The Society for Social Work and Research

2013 Annual Conference

January 16-20, 2013 I Sheraton San Diego Hotel and Marina I San Diego, CA

Speaking up in the Face of Difficult Situations: The Role of Emotional Intelligence, Social Intelligence, and Multicultural Competence

Friday, January 18, 2013: 10:30 AM
Marina 6 (Sheraton San Diego Hotel & Marina)
* noted as presenting author
Dnika J. Travis, PhD, Senior Director, Research, Catalyst, New York, NY
Purpose: Each day individuals make decisions to speak up or remain silent at work in the face of ethical dilemmas, interpersonal conflicts, or emotionally-charged situations.  As examples:
  • A caseworker wants to reach out to teenage members of an ethnic group that he has no prior exposure to, yet is afraid of doing so for fear of inadvertently saying something insulting, or worse, appearing prejudiced.
  • A newly promoted manager has an idea on how to make an everyday work practice more efficient, but fears that if she brings it up, her supervisor will regard her as a complainer.

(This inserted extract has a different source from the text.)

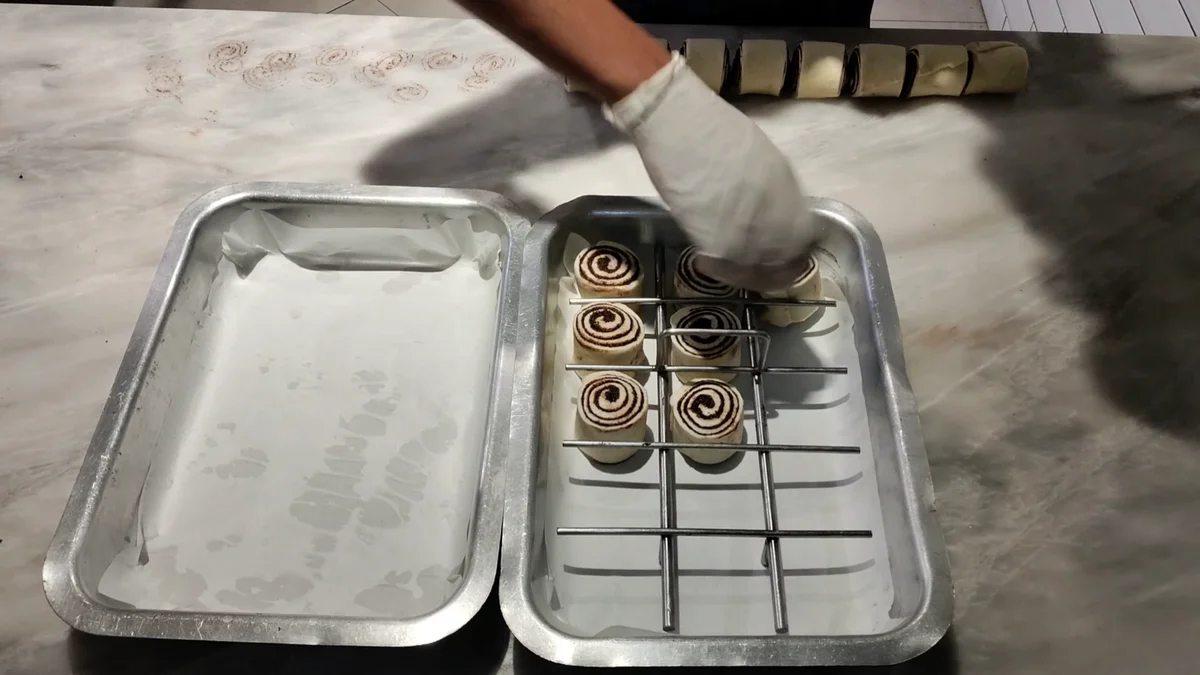 Mini rolls placed on a lined tray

As depicted in these scenarios, the worker senses that a change is warranted yet remains silent. This is not an uncommon phenomenon. Milliken, Morrison, and Hewlin (2003) reported that 85 percent of individuals disclosed being silent about work-related concerns. Considering this, what skills are needed to speak up in the face of difficult situations? This study seeks to advance understanding of the impact of three distinct and interrelated skill sets that enhance one’s tendency to speak up in difficult situations.

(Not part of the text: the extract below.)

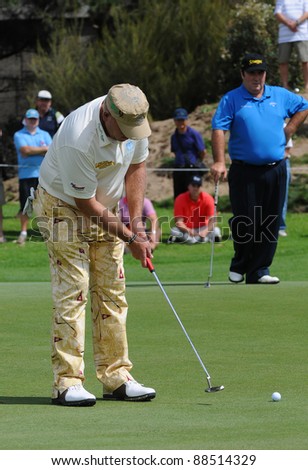 SYDNEY - NOVEMBER 10: John Daly putts in the first round in the Australian Open at The Lakes golf course on November 10, 2011 in Sydney, Australia.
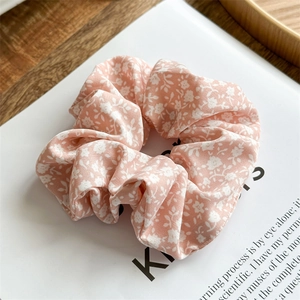 Detailansicht eines rosa geblümten Scrunchies mit weichem Stoff und Gänseblümchen-Muster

The study’s theory-driven model focuses on the following predictors of speaking up: (1) engagement in personal development and emotional self-management (emotional intelligence); (2) self-disclosure and generalized perspective-taking (social intelligence); and (3) ethnocultural perspective-taking and values multiculturalism (multicultural competence). In today’s globalized workforce and evolving service economies, better understanding of worker’s abilities to engage in personal growth, connect with others, and bridge differences are critical to leveraging employee voice, thus helping to foster a more just society.

Methods: This study involved a quantitative analysis of secondary, cross-sectional data of a sample of 529 Individuals working within the nonprofit (35%), public (35%), and corporate (30%) sectors. Non-probability purposive sampling was used to recruit participants.  Pre-existing scales were used that had well-established psychometric properties. As a form of structural equation modeling, path analysis using AMOS 18 was used to test the hypothesized model.

Results: The theory-driven model of speaking up yielded a good model fit (RMSEA = .000, 90% confidence interval 000 - .029, CFI = 1.00, NFI =.993). Results from the path analysis showed that engagement in personal growth (b = .097), emotional self-management (b = .139), self-disclosure (b = .126), and ethnocultural perspective-taking (b = .201) were positively and significantly related to the tendency to speak up.

Implications: Harnessing workers’ ability to speak up in the face of difficult situations offers one impetus for initiating change in organizations. Study findings draw implications for social workers in that moving beyond silence may require maximizing self-development opportunities, cultivating emotional self-management techniques, and revealing one’s thoughts, emotions, and experiences as part of relationship-building. Most notably, developing skill in ethnocultural perspective-taking—that is focused on understanding the lived experience of different ethnic or cultural groups (as opposed to generalized perspective-taking)—is uniquely valuable in motivating people to speak up as individuals see opportunities for change.